___ Source data ___
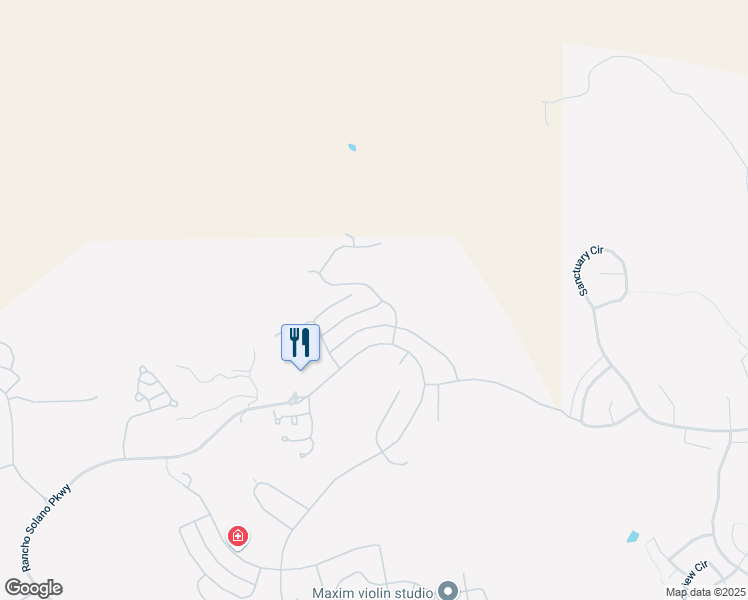 map of restaurants, bars, coffee shops, grocery stores, and more near 3224 Winged Foot Drive in Fairfield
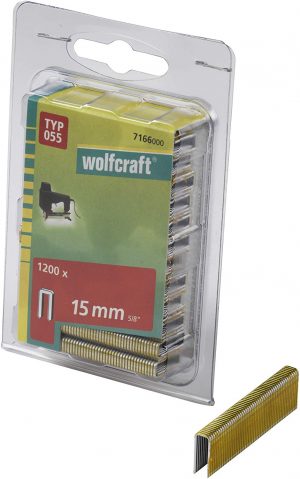 Wolfcraft Úzke sponky do sponkovačky výška 15 mm 1200 ks 7166000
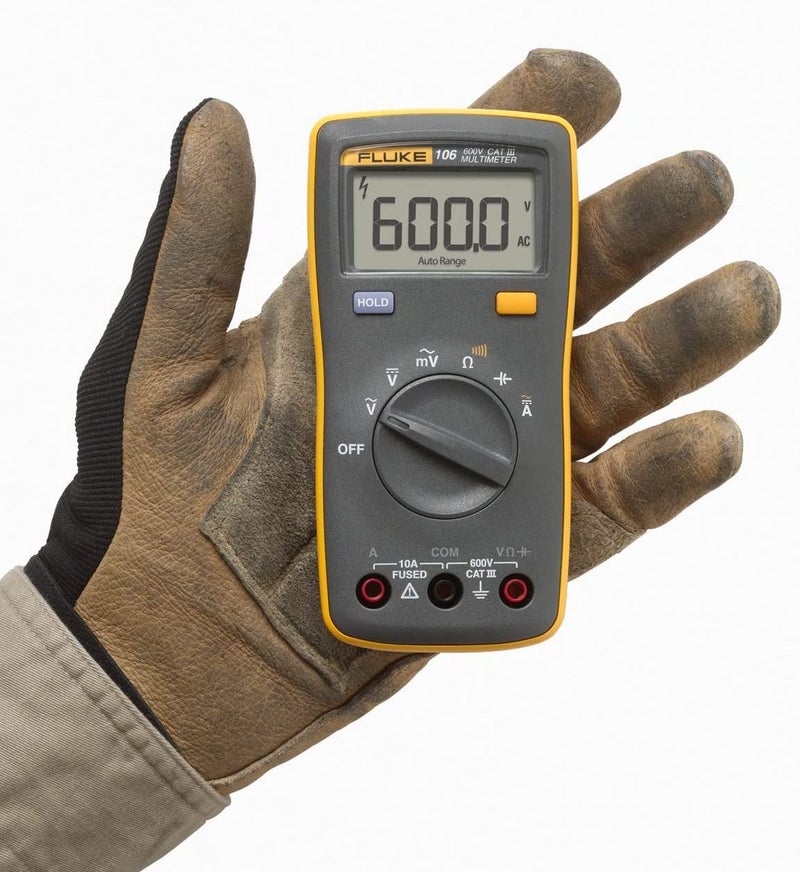 FLUKE Fluke 106 Palmsized Digital Multimeter Voltmeter 6000 Counts ACDC Current Frequency Measurement Voltage Handheld Ohm Tester Wide Voltage Range Accurate LCD Display  - Image 4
___
Print the complete listing exactly as it stands, without its pictures.

 map of restaurants, bars, coffee shops, grocery stores, and more near 3224 Winged Foot Drive in Fairfield
 Wolfcraft Úzke sponky do sponkovačky výška 15 mm 1200 ks 7166000
 FLUKE Fluke 106 Palmsized Digital Multimeter Voltmeter 6000 Counts ACDC Current Frequency Measurement Voltage Handheld Ohm Tester Wide Voltage Range Accurate LCD Display  - Image 4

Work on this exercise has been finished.